Periodic Reporting for period 1 - BuildingControls (Efficient Grid Connected Buildings: A Distributed Control Framework for Managing Flexible Loads)

Reporting period: 2016-06-01 to 2018-05-31

The renewable energy penetration targets set by EU and US necessitate a radical change in the way we operate the electric power grid. Increased penetration of the intermittent and uncertain renewable energy sources effectively implies that additional load and generation flexibility is required at multiple time-scales to ensure safe and stable operation of the electric grid. Since conventional generation is increasingly displaced by renewables, this additional flexibility can no longer be sourced solely from conventional plants.
According to the International Energy Agency, buildings are responsible for about 40% of the global energy consumption, and about 50% of the energy used in a building is accounted for by the heating, ventilation and air conditioning (HVAC) system. Thus, improving operational efficiency of HVAC systems will results in large savings in the energy consumption. Moreover, buildings present a unique opportunity as flexible loads that can be controlled to provide ancillary services to the electric power grid, and thus enable high penetration of renewables. High thermal capacity of large commercial buildings allow real-time control of their HVAC systems to regulate electricity demand as required for grid stability, without effecting the quality of service in the building significantly.
Motivated by the shift in power system characteristics described above, BuildingControls project aims to achieve the following scientific objectives:
1) Development of optimal thermostatic control algorithms for efficient energy use and peak load reduction in buildings
2) Development of a distributed control framework to coordinate multiple buildings as flexible energy resources for ancillary services:
3) Assessment of the performance of the distributed control framework from economic, environmental and sustainability perspectives
Within the duration of the project, novel controls and optimization approaches and performance assessment methods are developed to address these objectives, and their viability are demonstrated in simulation and partially in real-life demo environments.
In the BuildingControls project, we developed control algorithms to operate building HVAC systems efficiently while sacrificing thermal comfort conditions. The designed controller was tested both on simulations as well as a real building in Izmir. The results show that our controller provides, on average, 16% and 18% savings in energy use for heating and cooling modes, respectively. The controller commands available zone thermostats, and avoids expensive hardware changes. Therefore, it is a low-cost solution implementable as a retrofit to existing buildings.

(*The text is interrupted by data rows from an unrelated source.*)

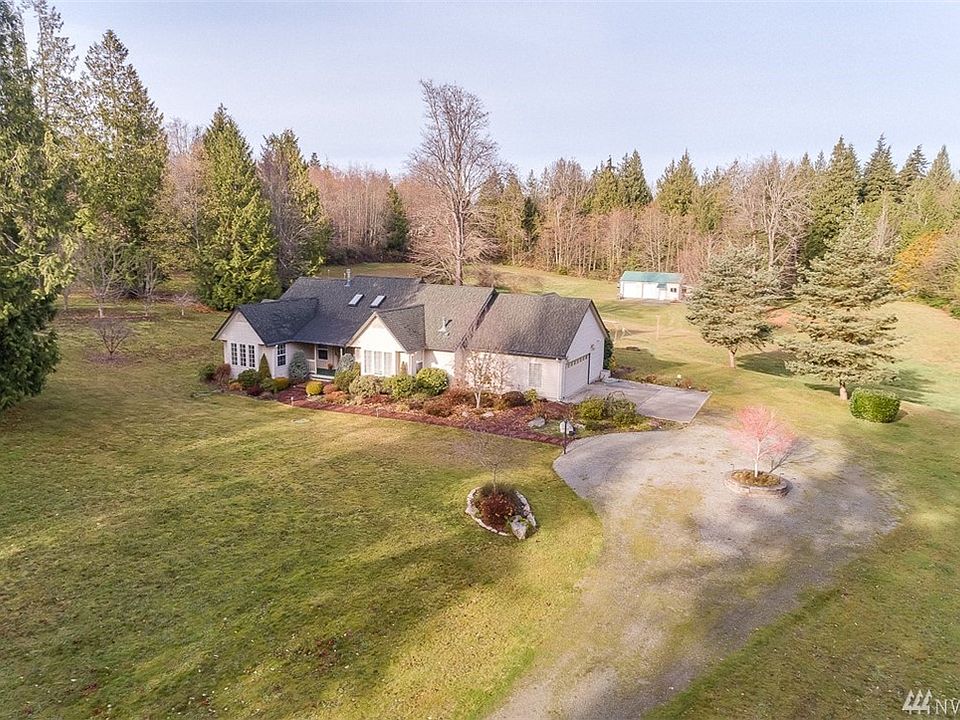 1st image of 842 Ashleys Way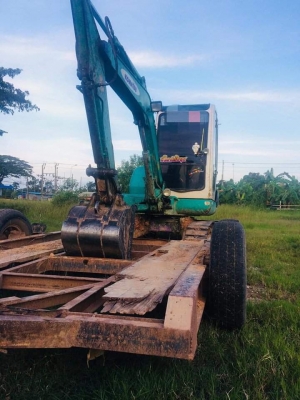 KOMATSU PC30-7 เครื่องดี ปั้มไม่มีโหลด ช่วงล่างเต็ม แอร์เย็น รถสวยๆ พร้อมใช้งาน ราคาคุยได้ 087297673 KOMATSU PC30-7 เครื่องดี ปั้มไม่มีโหลด ช่วงล่างเต็ม แอร์เย็น รถสวยๆ พร้อมใช้งาน ราคาคุยได้ 087297673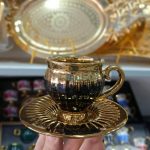 WhatsApp Image 2025 11 14 at 1.53.26 AM 1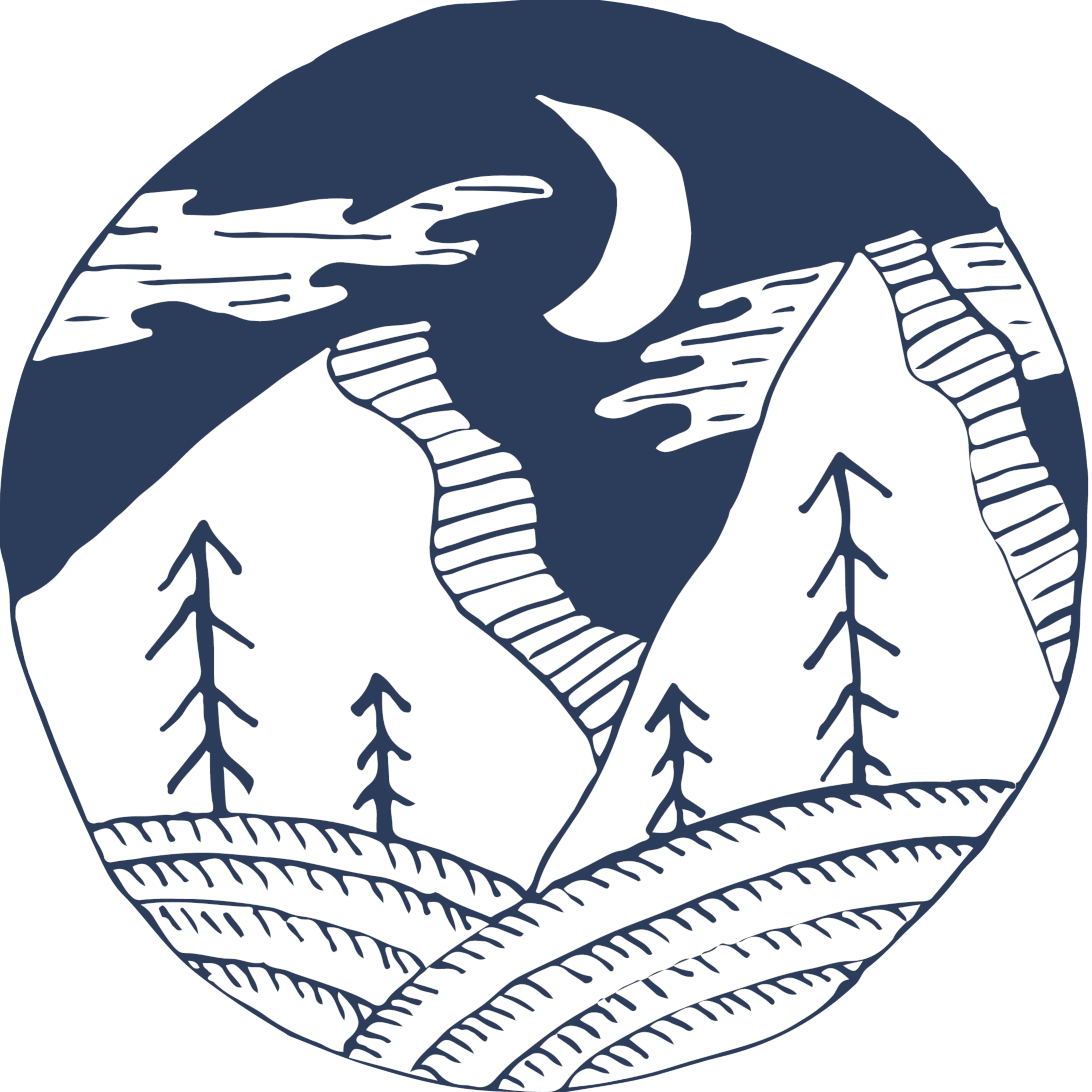 Rocky Peak Adventures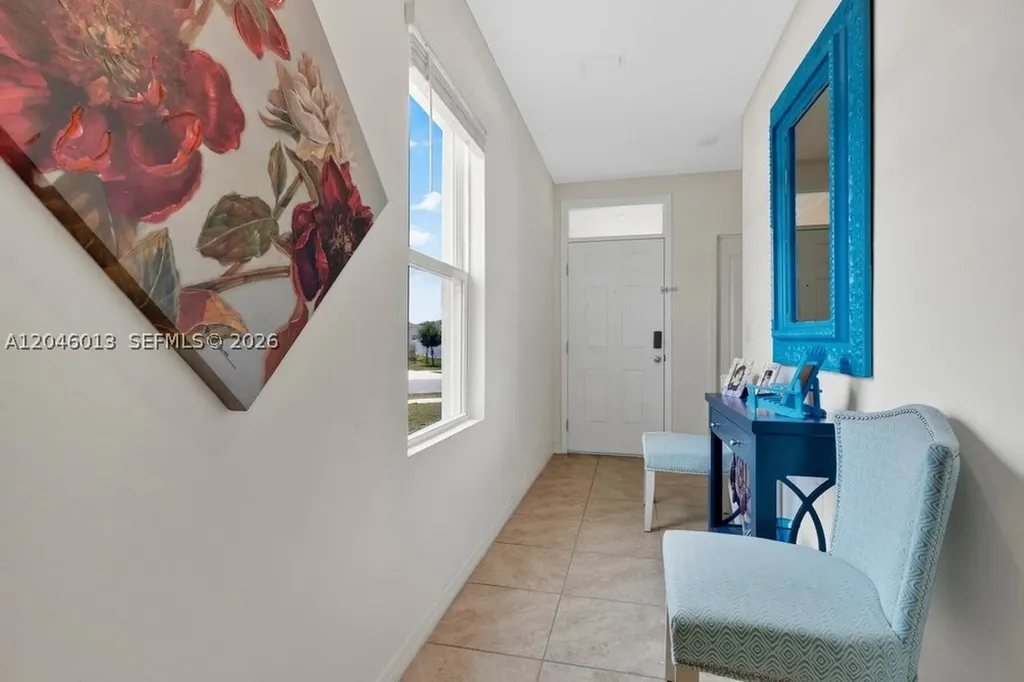 2415 Taloncrest Court Other City - In The State Of Florida FL 33839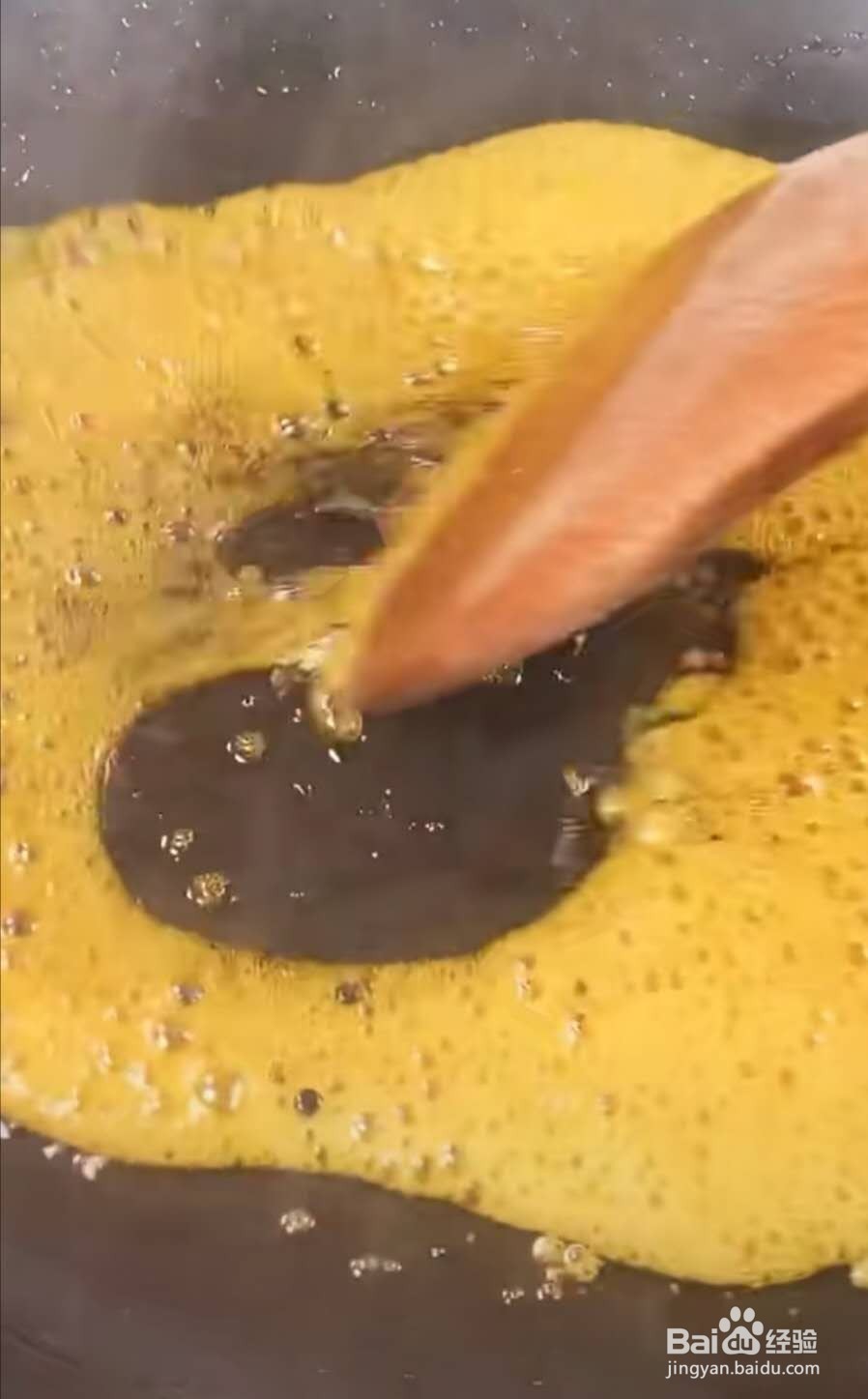 红烧猪蹄如何做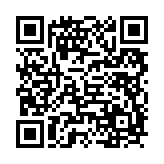 옛모습 페이지 바로가기 주소(https://www.jangseong.go.kr/q/ezMxMDd8ODExfHNob3d8fQ==&e=M&s=3), QRCODE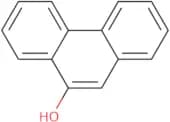 9-Phenanthrol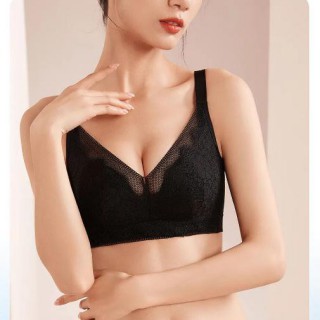 新的一年当然要从头到尾，从里到外都要更新一遍啦！春季和秋冬季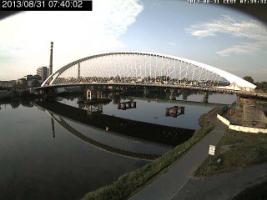 074002_258298543.jpg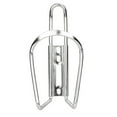 thumbnail image 3 of Fridja Bicycle Water Bottle Cages, Standard Lightweight Aluminum Cycling Mountain Bike Dirt Bike Bottle Holder Carrier Rack, 3 of 7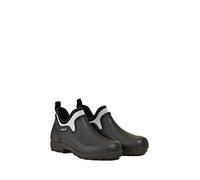 Aigle Zoccolo Lessfor Plus 2 Donna, Onda Marina, 37 EU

In addition to the HVAC control algorithms, within the scope of the BuildingControls project, we pursued distributed optimization algorithms to vary building electrical loads as a response to load reduction demands. This helps the power grid maintain stability in the case of system faults, high intermittency of renewables, generation failure, etc. When a demand response signal is received, our distributed algorithms assess the status of the building and the environment, and converge to a new optimal load distribution profile for hundreds of buildings using a fast and scalable algorithm. Simulation results suggest that the distributed controller is sufficiently fast (converges in 1.13s for a 1000 building case) in responding to demand response signals, and can reduce total load of the building fleet up to 30%.

The results of the BuildingControls project has been shared with the scientific community through several journal/conference publications and workshop participations. In addition, the researcher reached out to the general public via various high school visits, a workshop for high school students, articles in newspapers, and a talk on MSCA Researchers' Night Event coordinated by the host institution. Within the project, a 3-day workshop on exergy and its applications was organized in August, 2018. This workshop brought together experts from exergy and controls fields as well as practitioners and graduate students from many engineering disciplines, and it created a venue to pursue common research opportunities.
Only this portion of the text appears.